A030-登山家

アメリカ合衆国大統領と山 = 上村信太郎

 日本の首相の名前が付けられた山というのは聞いたことがないが、アメリカ大統領の名前が付いた山がカナダや南極にもあることはあまり知られてないようだ。

 まずは北アメリカ大陸の最高峰から。正式な山名が「デナリ」になったのは平成27年(2015)8月31日から。それまでの旧名がマッキンリー。あまりに有名だが山名の由来まで知る人は意外に少ない。

 明治30年(1897) 1月、探鉱師W・ディッキーがニューヨークの新聞に「アラスカの最高峰(標高6194m)に、大統領候補(当時の)でオハイオ州知事(後に第25代大統領)の名マッキンリーと命名する。」という記事を発表。これがきっかけで山名になったとされる。

 次はジョージ・ワシントン。初代大統領を記念して名付けられた標高1917mのワシントン山がニューハンプシャー州にある。天明4年(1784)にM・カットラーという人物によって命名されたとされる。コロラド州にはリンカーン(第16代大統領)という名の標高4354mの山もある。当時はアメリカ最高峰と考えられていたそうだ。


 アメリカ以外の国では、カナダのセント・イライアス山脈に標高4237mのケネディ(第35代大統領)峰が知られている。J・F・ケネディ暗殺後、カナダ政府が故人の功績を称えて命名したもので、昭和40年(1965)3月に、アメリカの登山家たちの支援を受けた大統領の実弟ロバート・ケネディ上院議員一行が初登頂を果たしている。
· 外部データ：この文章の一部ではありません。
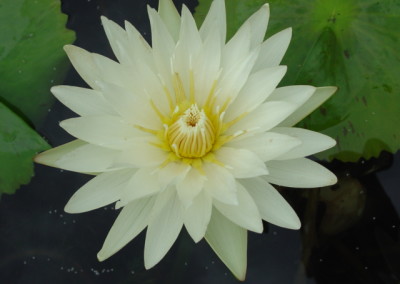 Nymphaea 'Isabelle Pring'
  また、カナダ、ブリティッシュ・コロンビア州にはF・ルーズヴェルト(第32代大統領)に因むと思われる名の2896mの山がある。この山と隣接する二つの峰の名を知ればだれもがびっくり。なんと、チャーチル山とスターリン山なのだ。どうやらヤルタ会談を記念して命名されたようである。アメリカ大陸から遠く離れた南極大陸には第7代アメリカ大統領名が付いた山がある。標高4190mのアンドリュウ・ジャクソン山である。


 以上は歴代アメリカ大統領の名が山名になったケースだが、山名だけにとどまらない。
 たとえばアラスカを除いてアメリカで一番有名な山といえば、アメリカ本土最高峰でカリフォルニア州セコイア国立公園にある4418mのホイットニー山と思いがちだが、実際にはサウスダゴダ州のラシュモア山のほうが知られている。わずか標高1707mの花崗岩のこの山には歴代大統領4人の巨大な顔が彫られているからだ。ワシントン、リンカーン、T・ジェファーソン(第3代大統領)、T・ルーズヴェルト(第26代大統領)の顔である。

 このほかに、アフリカ最高峰、標高5895mのキリマンジャロ峰に登頂したジミー・カーター(第39代大統領)は平成6年(1994)に来日してロザリン夫人と富士山に登り、「富士山は神聖で美しい山」と語っている。

 こうしてみると、アメリカ大統領と山とのかかわりの多さに改めて驚く。調べればまだありそうだし、もしかすると将来「トランプ峰」が誕生する日がくるかもしれない。